Valve Wide Open
Valve Wide Open: October 15, 2016
I have heard that in India seekers go to the temple not so much to try to find God as to let God gaze at them. So I tried it one morning.
I sat with the flickering candle flame in the morning dark, resisting the urge to petition, to parent, to plan. Could I receive God’s gaze on me—just now, in this moment?
It was exquisite—the way pure pain or pleasure is exquisite, singular, focusing. Fleeting. I found myself crying.
I have a pretty healthy self-image. Not too many delusions. Awareness of strengths and weaknesses. Challenges one might say in this SMART goal kinda world.
But to feel so loved, so worthy, so adored, was hardly sustainable. No wonder mystics renounce the world. My God! YOU (my God) are everything, Alpha and Omega. I am in You and You are in me. You are me.
Even in this pre-dawn ecstasy, Jack does, in fact, need to stop playing and go eat breakfast. Emma can’t start her zipper. The dog is licking my ankle…
Have you ever opened the valve on a water line? The Montreat ice-maker line was leaking, so it was turned off when my girlfriends and I arrived. I turned the valve on, feeling the water pressure expand the flexible tubing. The potential was tangible.
My morning meditation is a time of opening the God-valve, the Love-valve, a smidgen.
I know. That valve should be fully open all the time. But honestly, I can’t always allow that much Spirit, that much Love, in the day-to-day tasks of life. I have small children, a husband, occasional hurricane evacuees, a full-time job, parents, neighbors, the damn dog running under my feet. I let the Love drip a steady rhythm into my days, but I don’t really trust the full-on flow. Someone has to be the adult around here.
In my better moments I realize, chagrined, that Jesus is the adult in the room. The Master, the Rabbi, the Teacher—the one in charge. He embodies and empties into the Love of the Triune God, and offers not only a model but a commandment to Love the way he loves—whole-heartedly, without reservation, without recrimination, valve wide open, come what may.

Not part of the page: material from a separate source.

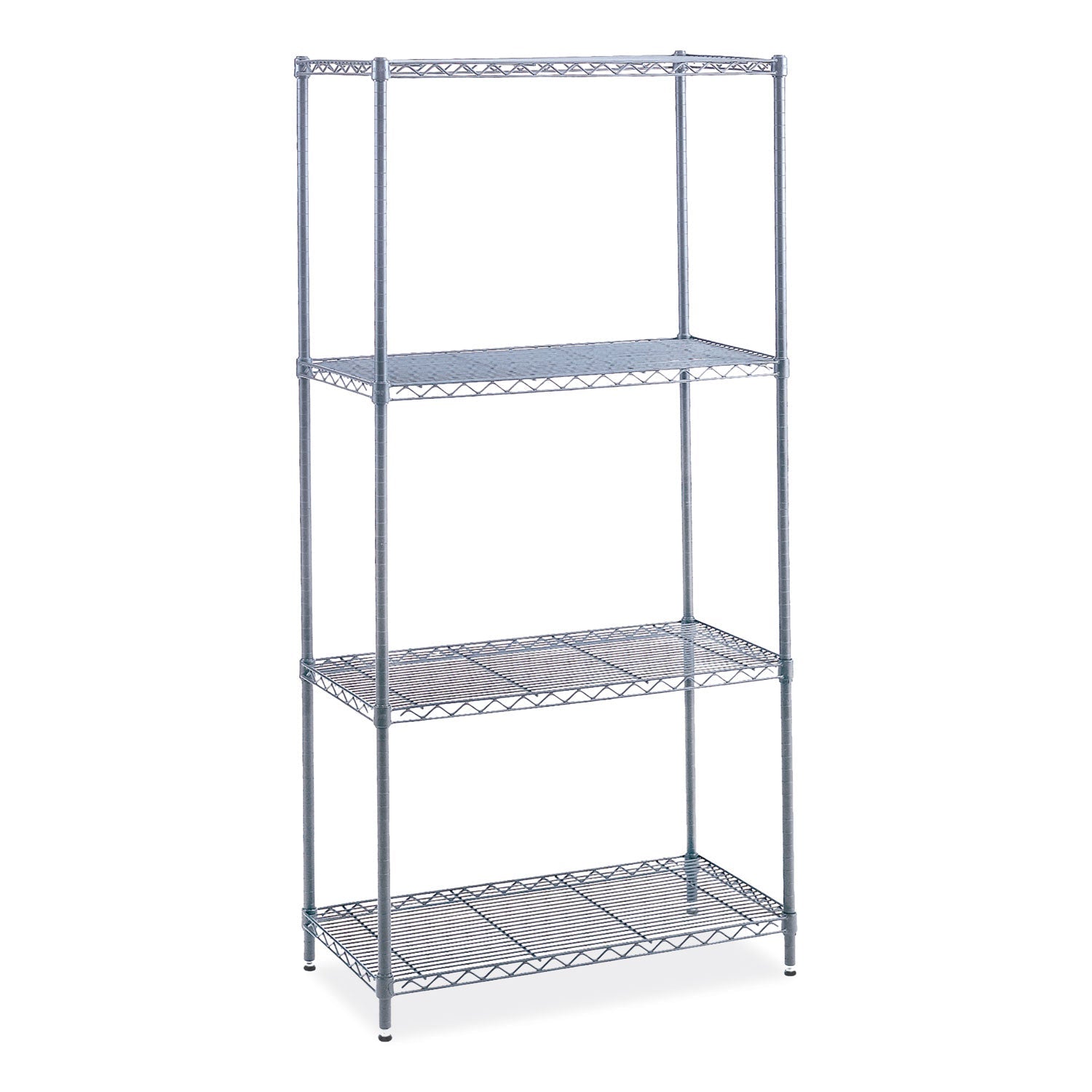 Industrial Wire Shelving, Four-Shelf, 48w x 18d x 72h, Metallic Gray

What came for him was crucifixion. He, who knows intimately and constantly the full outpouring of Love, gets death on a cross. And why?
Well, unfortunately, I think too many people would say because he deserves it. Because love like that is unsustainable, unrealistic, naïve, nostalgic, impossible. That thinking leads history inexorably to the cross. The folly of the cross.
The cross was a symbol of imperial power. It showed the full force of the empire—you’re either with us or against us. But the folly and the paradox of the crucifixion is that it simultaneously declared both of these things: God is with us and God is against us. God will not abandon us. AND, God is showing us the true path—above and beyond dominion, or divisiveness, or small-minded self-interest.
The cross is full-on, valve-wide-open, bring-it-on Love that cannot fail. Oh, it might cost you some friends; it might cost you some contracts, it might cost you some prestige. But the Master doesn’t ask anything of us that he hasn’t already endured and, by the way, transformed.
Christians are called to identify with Jesus on the cross—to be ‘Easter people’, surely, but also to be Maundy Thursday people. The cross is the starting place, the startling place, to embrace the freedom to love. This is staggering!
Too many times I’ve seen Christians asked to identify with the guilt-inducing antagonists in the Calvary story. We are instructed to identify with the sinful world that crucified Jesus; to labor under an impossible burden of guilt; to glory in our wretchedness.
The hope-filled message of Jesus cannot begin from a place of needing to earn his sacrifice. I can't earn that kind of love; I can only receive it. Richard Rohr explains it this way: Jesus did not come to change the mind of God about humanity (it did not need changing)! Jesus came to change the mind of humanity about God.
The cross does not proclaim the reason that I must earn God’s acceptance; it proclaims God’s irrational, all-encompassing love in the face of the world’s attempt to tame it. That is the folly of the cross.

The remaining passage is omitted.